Non qu'elle n'avait rien à dire mais que, l'animatrice, quand elle arrivait enfin au bout de son exposé de son propre savoir sur la culture amérindienne, et posait ce que l'on pouvait penser être une question en étant de bonne volonté, ben l'auteure ( Louise Erdrich, je reprécise parce que j'essaye de faire une phrase aussi longue que l'exposé de l'animatrice, mais ce n'est pas évident, en fait), elle ne pouvait pas parler de ses livres, vu qu'il n'en avait pas été question. Or, n'en déplaise aux animatrices férues de leur propre savoir sur les us et coutumes des cultures primitives, avec ou sans plume, et leurs légendes ancestrales, quand on vient voir Louise Erdrich, on ne vient pas entendre un exposé ethnologique sur un peuple qui a été si injustement traité que cela continue encore, faut pas rêver ! mais on vient entendre Louise Erdrich, une auteure qui a fait une oeuvre littéraire, une oeuvre littéraire forte, prenante, éclairante, réflexive et tout et tout et j'en passe, une oeuvre qui parle aussi de la culture amérindienne, mais avec sa voix à elle, l'auteure, sa vision à elle, son vécu à elle, et pas le savoir, la voix, la vision de l'animatrice.

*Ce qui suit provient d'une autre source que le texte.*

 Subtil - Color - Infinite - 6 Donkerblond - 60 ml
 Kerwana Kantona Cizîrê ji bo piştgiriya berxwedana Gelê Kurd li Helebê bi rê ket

Du coup, on a bien vu Louise Erdrich, mais on ne l'a pas entendue. Et non, je ne suis pas une râleuse de mauvaise foi (sauf quand on me parle d'Angot, mais ça, on n'y revient pas) et non, je n'ai rien contre les conférences ethnologiques, la preuve, j'ai tout enregistré, même mes quintes de toux et les commentaires murmurées des copines. Par contre, je ne suis pas sûre de tout réécouter. Donc, si quelqu'un veut l'intégrale des deux heures, je peux le lui envoyer ( en plus, il y a un bonus, "les questions du public que l'on aurait pu poser en anglais, mais que finalement non").

J'espère qu'au festival América, où je ne serai hélas pas, Louise Erdrich sera plus considérée comme une auteure que comme une simple émanence culturelle.

Athalie

 

Commentaires

salut Athalie, je transmets de suite à ma collègue qui s'en est revenue avec les mêmes impressions de cette rencontre
pas -encore- lu Miss Erdrich, mais je fais du buzz pour ton blog !!

Écrit par : emmanuelle | 11/10/2012

Bonsoir Emmanuelle,
Contente de te voir "en vrai" sur ces pages, et contente aussi de voir que ma frustration n'a pas été complètement solitaire ... Tu as vu que "la recette du rôti de porc à l'ananas" te doit d'exister ? merci pour le buzz et à bientôt !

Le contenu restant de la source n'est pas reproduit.